Material provided -
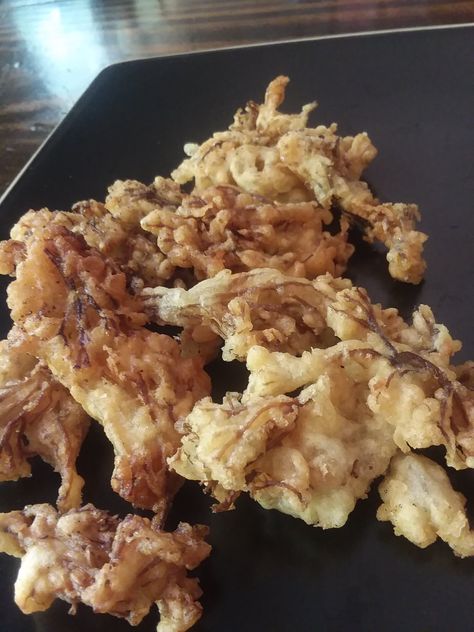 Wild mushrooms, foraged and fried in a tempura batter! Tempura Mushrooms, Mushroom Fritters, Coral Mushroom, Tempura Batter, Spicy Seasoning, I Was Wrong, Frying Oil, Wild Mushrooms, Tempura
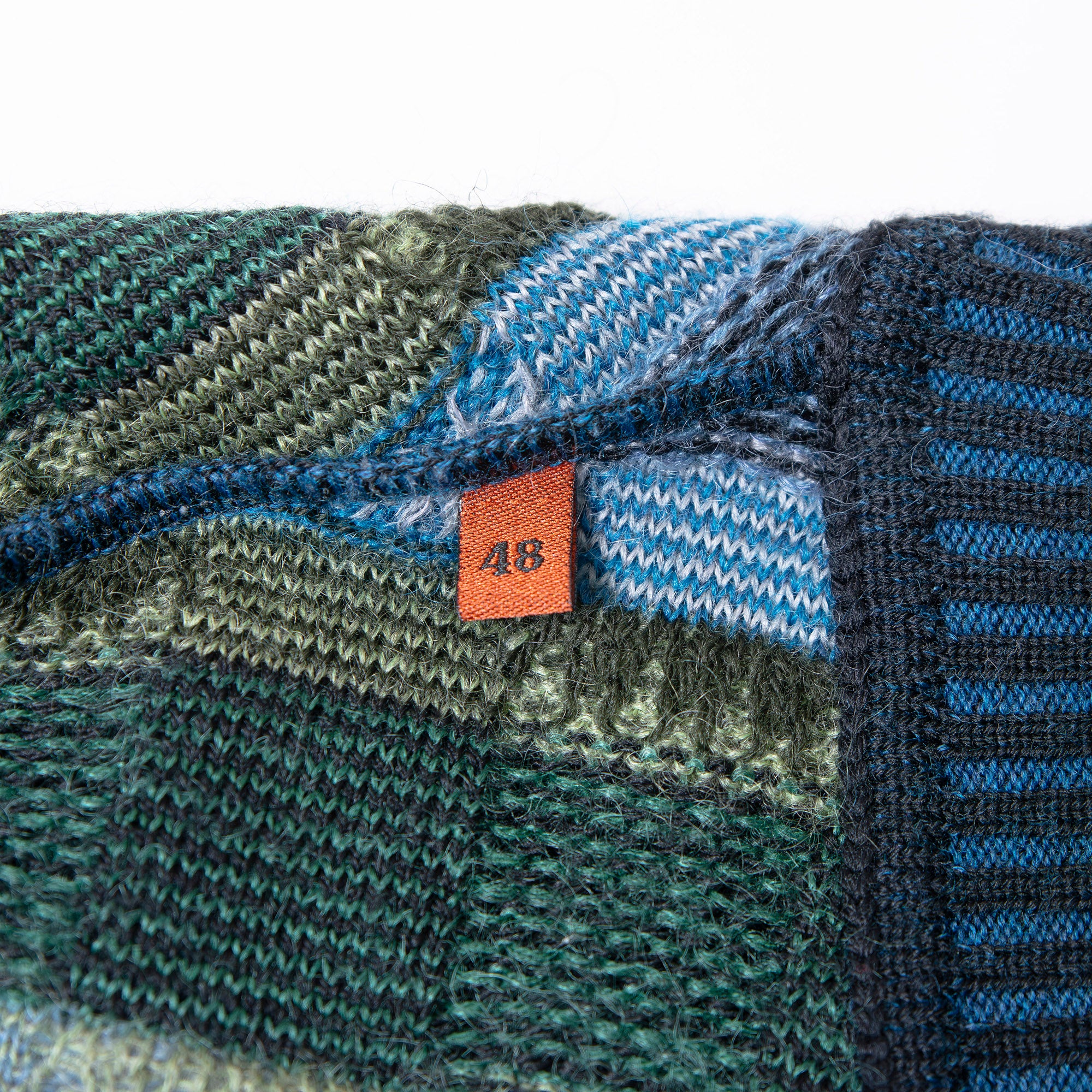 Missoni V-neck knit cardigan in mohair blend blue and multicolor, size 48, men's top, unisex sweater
--
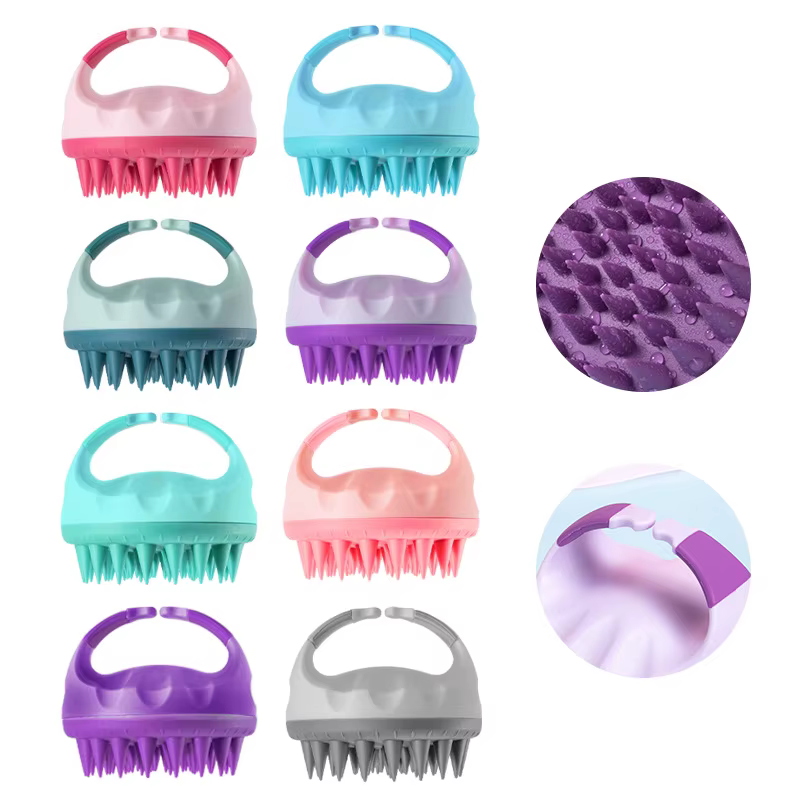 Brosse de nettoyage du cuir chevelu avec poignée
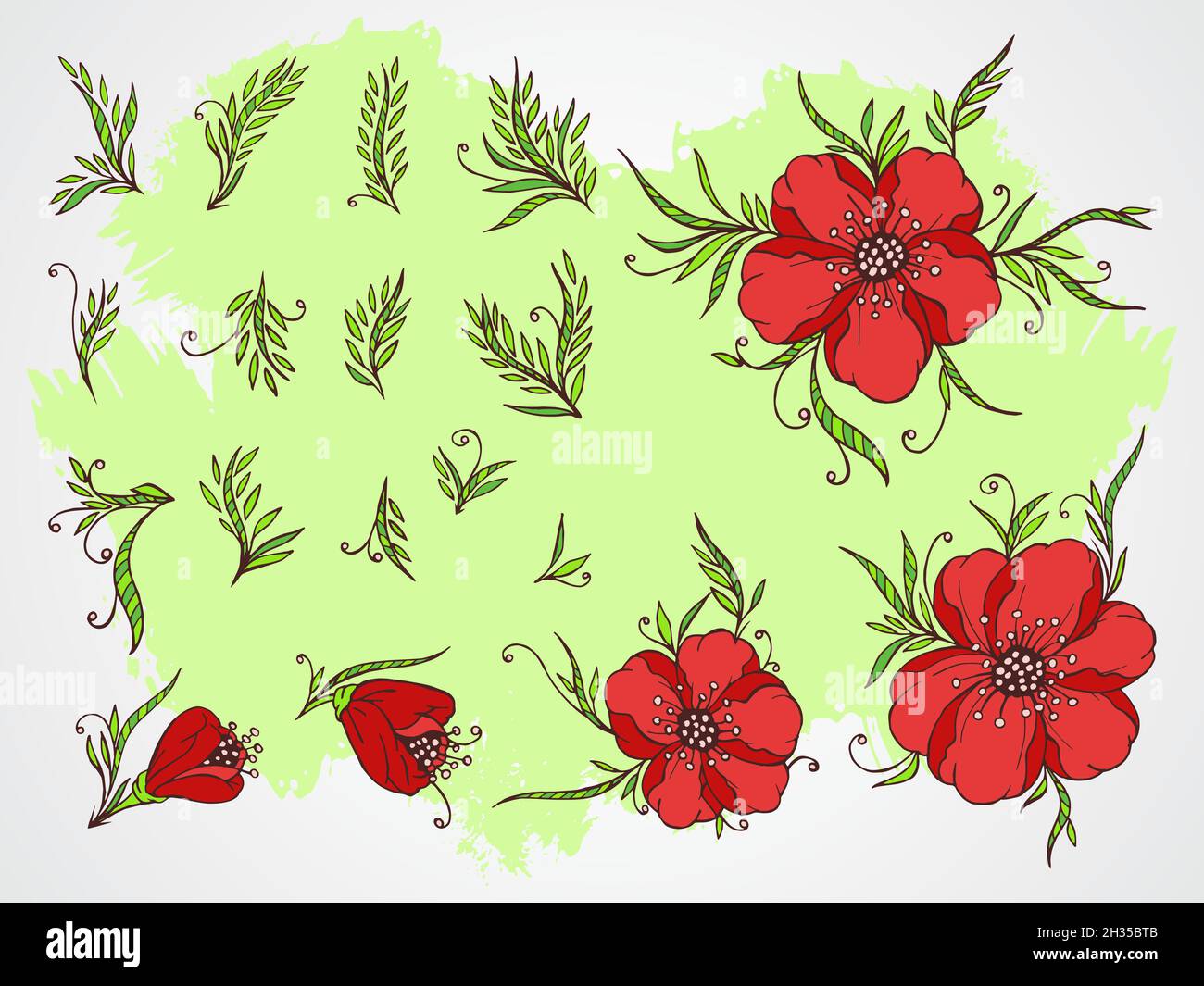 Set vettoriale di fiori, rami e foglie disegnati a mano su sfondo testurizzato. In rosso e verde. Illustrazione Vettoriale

Work to complete - The lines to reproduce run from the one above containing "Wild mushrooms, foraged" through the one containing "Missoni V-neck knit". Copy them exactly and leave out all pictures.

Task output -
 Wild mushrooms, foraged and fried in a tempura batter! Tempura Mushrooms, Mushroom Fritters, Coral Mushroom, Tempura Batter, Spicy Seasoning, I Was Wrong, Frying Oil, Wild Mushrooms, Tempura
 Missoni V-neck knit cardigan in mohair blend blue and multicolor, size 48, men's top, unisex sweater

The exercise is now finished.